**Input data**:
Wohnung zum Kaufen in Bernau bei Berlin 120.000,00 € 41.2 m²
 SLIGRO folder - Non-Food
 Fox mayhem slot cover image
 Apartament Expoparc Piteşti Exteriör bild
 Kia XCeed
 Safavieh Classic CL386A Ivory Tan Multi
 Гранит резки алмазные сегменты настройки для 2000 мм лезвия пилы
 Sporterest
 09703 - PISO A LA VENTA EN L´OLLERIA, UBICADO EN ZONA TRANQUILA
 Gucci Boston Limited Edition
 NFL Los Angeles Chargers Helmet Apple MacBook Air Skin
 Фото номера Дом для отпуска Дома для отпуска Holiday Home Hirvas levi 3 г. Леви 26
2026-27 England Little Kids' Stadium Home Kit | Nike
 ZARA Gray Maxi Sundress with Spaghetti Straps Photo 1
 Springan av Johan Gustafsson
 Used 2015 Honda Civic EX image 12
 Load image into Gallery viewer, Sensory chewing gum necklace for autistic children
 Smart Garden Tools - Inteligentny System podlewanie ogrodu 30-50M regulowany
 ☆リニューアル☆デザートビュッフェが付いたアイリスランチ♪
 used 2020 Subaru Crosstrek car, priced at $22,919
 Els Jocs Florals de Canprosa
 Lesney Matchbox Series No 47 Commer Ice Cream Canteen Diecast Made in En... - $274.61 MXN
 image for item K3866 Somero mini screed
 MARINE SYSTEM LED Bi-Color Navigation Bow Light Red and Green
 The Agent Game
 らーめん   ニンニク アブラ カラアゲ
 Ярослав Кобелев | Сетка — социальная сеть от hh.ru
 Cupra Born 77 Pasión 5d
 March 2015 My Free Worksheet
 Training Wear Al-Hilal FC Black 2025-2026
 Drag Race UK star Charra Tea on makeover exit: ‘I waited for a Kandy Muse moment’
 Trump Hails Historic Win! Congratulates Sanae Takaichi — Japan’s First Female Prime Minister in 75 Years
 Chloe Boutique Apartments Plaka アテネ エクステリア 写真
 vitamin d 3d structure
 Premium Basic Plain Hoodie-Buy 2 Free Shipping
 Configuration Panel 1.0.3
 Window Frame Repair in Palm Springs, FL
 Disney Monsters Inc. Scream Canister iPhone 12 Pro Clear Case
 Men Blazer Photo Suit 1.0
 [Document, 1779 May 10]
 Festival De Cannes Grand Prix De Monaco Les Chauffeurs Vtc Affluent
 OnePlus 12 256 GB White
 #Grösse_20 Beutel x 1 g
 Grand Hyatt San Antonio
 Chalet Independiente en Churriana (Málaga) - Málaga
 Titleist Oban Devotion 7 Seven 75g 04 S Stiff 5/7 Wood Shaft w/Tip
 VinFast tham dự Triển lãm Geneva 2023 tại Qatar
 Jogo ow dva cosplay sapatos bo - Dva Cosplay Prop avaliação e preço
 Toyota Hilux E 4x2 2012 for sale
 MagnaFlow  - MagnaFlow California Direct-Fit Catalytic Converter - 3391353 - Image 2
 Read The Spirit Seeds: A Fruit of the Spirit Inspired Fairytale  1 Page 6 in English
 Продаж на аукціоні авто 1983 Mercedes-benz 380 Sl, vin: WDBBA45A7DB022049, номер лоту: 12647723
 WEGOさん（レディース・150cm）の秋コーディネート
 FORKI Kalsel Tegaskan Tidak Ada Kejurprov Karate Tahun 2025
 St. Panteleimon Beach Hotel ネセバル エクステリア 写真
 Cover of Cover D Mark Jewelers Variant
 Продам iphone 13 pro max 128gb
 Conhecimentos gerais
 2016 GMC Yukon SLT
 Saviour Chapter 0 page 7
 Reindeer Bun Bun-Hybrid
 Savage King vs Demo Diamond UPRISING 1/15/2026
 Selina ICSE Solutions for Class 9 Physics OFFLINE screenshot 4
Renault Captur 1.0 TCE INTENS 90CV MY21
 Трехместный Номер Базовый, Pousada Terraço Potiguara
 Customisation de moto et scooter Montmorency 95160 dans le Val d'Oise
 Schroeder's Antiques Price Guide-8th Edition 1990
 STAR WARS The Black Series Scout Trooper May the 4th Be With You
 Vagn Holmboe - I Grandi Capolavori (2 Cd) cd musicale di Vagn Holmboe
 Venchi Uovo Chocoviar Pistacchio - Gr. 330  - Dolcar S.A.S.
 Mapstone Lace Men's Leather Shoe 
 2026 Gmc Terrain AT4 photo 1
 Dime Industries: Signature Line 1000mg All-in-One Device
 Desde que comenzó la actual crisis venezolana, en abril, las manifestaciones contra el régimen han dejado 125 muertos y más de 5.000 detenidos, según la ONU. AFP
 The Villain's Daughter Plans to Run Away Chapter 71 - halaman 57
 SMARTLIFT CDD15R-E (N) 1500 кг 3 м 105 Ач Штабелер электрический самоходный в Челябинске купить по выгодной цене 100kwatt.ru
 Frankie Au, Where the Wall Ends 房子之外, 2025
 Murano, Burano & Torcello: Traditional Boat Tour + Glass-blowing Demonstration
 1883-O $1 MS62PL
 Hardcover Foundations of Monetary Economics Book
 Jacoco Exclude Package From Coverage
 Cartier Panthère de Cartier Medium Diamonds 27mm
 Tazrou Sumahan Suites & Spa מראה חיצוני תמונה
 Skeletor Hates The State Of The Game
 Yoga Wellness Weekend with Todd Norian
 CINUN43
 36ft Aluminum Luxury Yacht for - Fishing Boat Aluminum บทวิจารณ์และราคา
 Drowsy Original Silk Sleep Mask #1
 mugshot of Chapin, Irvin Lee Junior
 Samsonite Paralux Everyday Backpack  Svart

**The problem**:
Could you reproduce every record exactly as written?

**Written reply**:
Wohnung zum Kaufen in Bernau bei Berlin 120.000,00 € 41.2 m²
 SLIGRO folder - Non-Food
 Fox mayhem slot cover image
 Apartament Expoparc Piteşti Exteriör bild
 Kia XCeed
 Safavieh Classic CL386A Ivory Tan Multi
 Гранит резки алмазные сегменты настройки для 2000 мм лезвия пилы
 Sporterest
 09703 - PISO A LA VENTA EN L´OLLERIA, UBICADO EN ZONA TRANQUILA
 Gucci Boston Limited Edition
 NFL Los Angeles Chargers Helmet Apple MacBook Air Skin
 Фото номера Дом для отпуска Дома для отпуска Holiday Home Hirvas levi 3 г. Леви 26
2026-27 England Little Kids' Stadium Home Kit | Nike
 ZARA Gray Maxi Sundress with Spaghetti Straps Photo 1
 Springan av Johan Gustafsson
 Used 2015 Honda Civic EX image 12
 Load image into Gallery viewer, Sensory chewing gum necklace for autistic children
 Smart Garden Tools - Inteligentny System podlewanie ogrodu 30-50M regulowany
 ☆リニューアル☆デザートビュッフェが付いたアイリスランチ♪
 used 2020 Subaru Crosstrek car, priced at $22,919
 Els Jocs Florals de Canprosa
 Lesney Matchbox Series No 47 Commer Ice Cream Canteen Diecast Made in En... - $274.61 MXN
 image for item K3866 Somero mini screed
 MARINE SYSTEM LED Bi-Color Navigation Bow Light Red and Green
 The Agent Game
 らーめん   ニンニク アブラ カラアゲ
 Ярослав Кобелев | Сетка — социальная сеть от hh.ru
 Cupra Born 77 Pasión 5d
 March 2015 My Free Worksheet
 Training Wear Al-Hilal FC Black 2025-2026
 Drag Race UK star Charra Tea on makeover exit: ‘I waited for a Kandy Muse moment’
 Trump Hails Historic Win! Congratulates Sanae Takaichi — Japan’s First Female Prime Minister in 75 Years
 Chloe Boutique Apartments Plaka アテネ エクステリア 写真
 vitamin d 3d structure
 Premium Basic Plain Hoodie-Buy 2 Free Shipping
 Configuration Panel 1.0.3
 Window Frame Repair in Palm Springs, FL
 Disney Monsters Inc. Scream Canister iPhone 12 Pro Clear Case
 Men Blazer Photo Suit 1.0
 [Document, 1779 May 10]
 Festival De Cannes Grand Prix De Monaco Les Chauffeurs Vtc Affluent
 OnePlus 12 256 GB White
 #Grösse_20 Beutel x 1 g
 Grand Hyatt San Antonio
 Chalet Independiente en Churriana (Málaga) - Málaga
 Titleist Oban Devotion 7 Seven 75g 04 S Stiff 5/7 Wood Shaft w/Tip
 VinFast tham dự Triển lãm Geneva 2023 tại Qatar
 Jogo ow dva cosplay sapatos bo - Dva Cosplay Prop avaliação e preço
 Toyota Hilux E 4x2 2012 for sale
 MagnaFlow  - MagnaFlow California Direct-Fit Catalytic Converter - 3391353 - Image 2
 Read The Spirit Seeds: A Fruit of the Spirit Inspired Fairytale  1 Page 6 in English
 Продаж на аукціоні авто 1983 Mercedes-benz 380 Sl, vin: WDBBA45A7DB022049, номер лоту: 12647723
 WEGOさん（レディース・150cm）の秋コーディネート
 FORKI Kalsel Tegaskan Tidak Ada Kejurprov Karate Tahun 2025
 St. Panteleimon Beach Hotel ネセバル エクステリア 写真
 Cover of Cover D Mark Jewelers Variant
 Продам iphone 13 pro max 128gb
 Conhecimentos gerais
 2016 GMC Yukon SLT
 Saviour Chapter 0 page 7
 Reindeer Bun Bun-Hybrid
 Savage King vs Demo Diamond UPRISING 1/15/2026
 Selina ICSE Solutions for Class 9 Physics OFFLINE screenshot 4
Renault Captur 1.0 TCE INTENS 90CV MY21
 Трехместный Номер Базовый, Pousada Terraço Potiguara
 Customisation de moto et scooter Montmorency 95160 dans le Val d'Oise
 Schroeder's Antiques Price Guide-8th Edition 1990
 STAR WARS The Black Series Scout Trooper May the 4th Be With You
 Vagn Holmboe - I Grandi Capolavori (2 Cd) cd musicale di Vagn Holmboe
 Venchi Uovo Chocoviar Pistacchio - Gr. 330  - Dolcar S.A.S.
 Mapstone Lace Men's Leather Shoe 
 2026 Gmc Terrain AT4 photo 1
 Dime Industries: Signature Line 1000mg All-in-One Device
 Desde que comenzó la actual crisis venezolana, en abril, las manifestaciones contra el régimen han dejado 125 muertos y más de 5.000 detenidos, según la ONU. AFP
 The Villain's Daughter Plans to Run Away Chapter 71 - halaman 57
 SMARTLIFT CDD15R-E (N) 1500 кг 3 м 105 Ач Штабелер электрический самоходный в Челябинске купить по выгодной цене 100kwatt.ru
 Frankie Au, Where the Wall Ends 房子之外, 2025
 Murano, Burano & Torcello: Traditional Boat Tour + Glass-blowing Demonstration
 1883-O $1 MS62PL
 Hardcover Foundations of Monetary Economics Book
 Jacoco Exclude Package From Coverage
 Cartier Panthère de Cartier Medium Diamonds 27mm
 Tazrou Sumahan Suites & Spa מראה חיצוני תמונה
 Skeletor Hates The State Of The Game
 Yoga Wellness Weekend with Todd Norian
 CINUN43
 36ft Aluminum Luxury Yacht for - Fishing Boat Aluminum บทวิจารณ์และราคา
 Drowsy Original Silk Sleep Mask #1
 mugshot of Chapin, Irvin Lee Junior
 Samsonite Paralux Everyday Backpack  Svart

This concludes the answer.